* _DATA BLOCK_
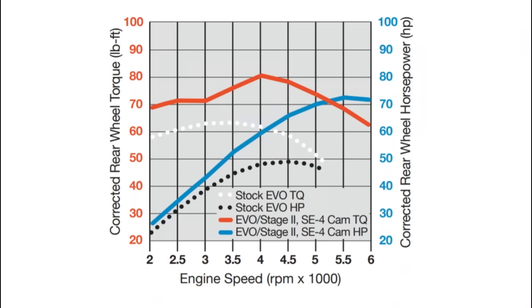We're only showing the dyno graph for the SC4, but the SC11 is going to be very close to this. Your stock Evo's horsepower is right about 49.50, and torque is a little over 65 — these motors were not known for power. But bolting in one of these cams, we have a nice strong pull all the way up to the red line, getting just over 70 horsepower — around 72 to 73. Torque comes on and maintains pretty well, then takes a nice big pull up to about 80 foot-pounds. Not bad at all from Screamin' Eagle cams, especially at only $200.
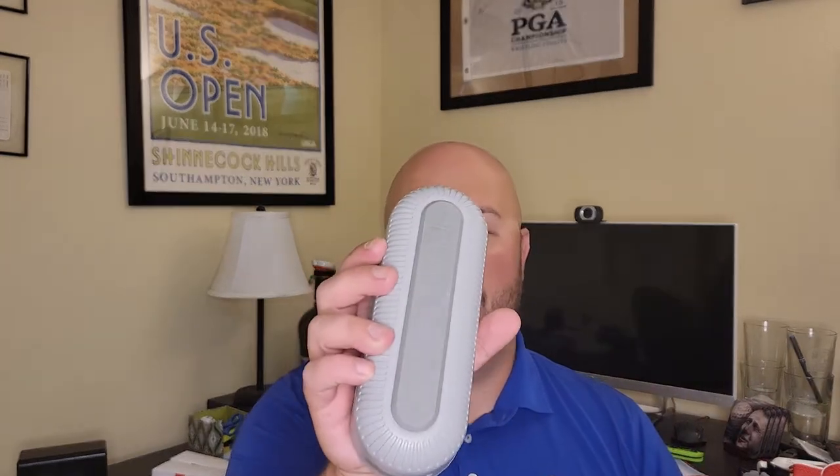I like playing music on the golf course. I don't always do, but when I do, I enjoy it. I like to use a speaker like this when I ride in a cart, and I like it for a couple of different reasons. One, it has a big fat magnet on the back of it, so it's really easy to attach to one of the poles of your cart, and you can kind of point directionally which way you want the music to go.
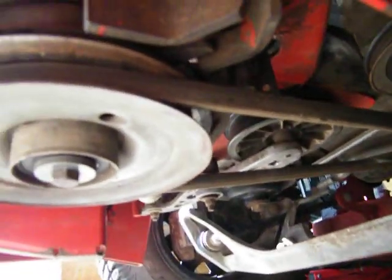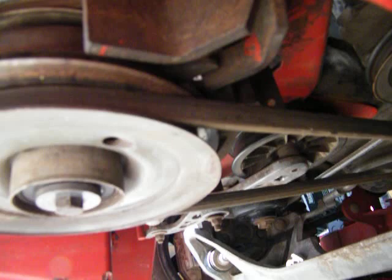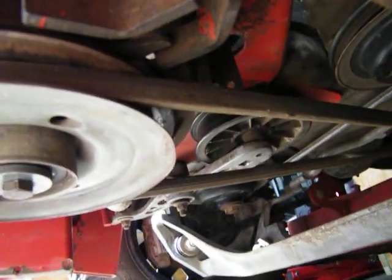It makes a hell of a noise when it's running, and I think it's the drive belt pulley tensioner right there — it just bounces back and forth. I'll have to check it and see what's going on there.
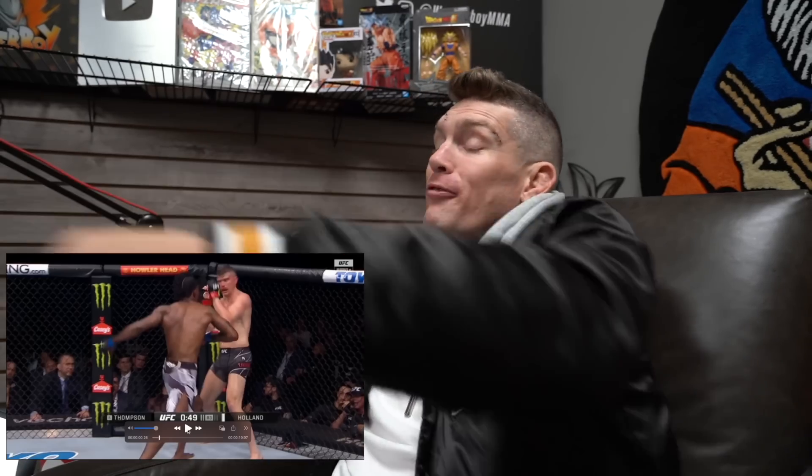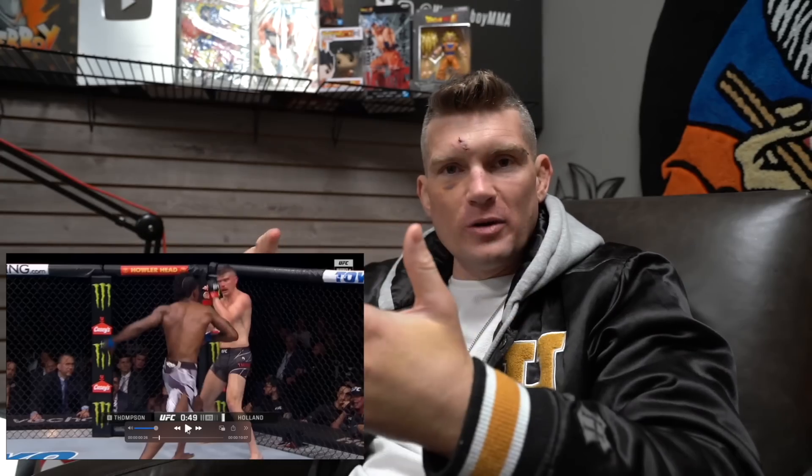He blocked it, but after throwing that sequence it made him think he has to be prepared at any second during the fight. Now, when somebody fires at me, I try to immediately answer back — because what happens is guys will fire at you and then back up to see what your reaction is going to be, or they try to reset.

* _WORK REQUIRED_
Return, exactly and without extra lines, everything from the line with "It makes a hell" through the last line of the material above, both included. Pictures must be dropped.

* _TASK ANSWER_
It makes a hell of a noise when it's running, and I think it's the drive belt pulley tensioner right there — it just bounces back and forth. I'll have to check it and see what's going on there.
He blocked it, but after throwing that sequence it made him think he has to be prepared at any second during the fight. Now, when somebody fires at me, I try to immediately answer back — because what happens is guys will fire at you and then back up to see what your reaction is going to be, or they try to reset.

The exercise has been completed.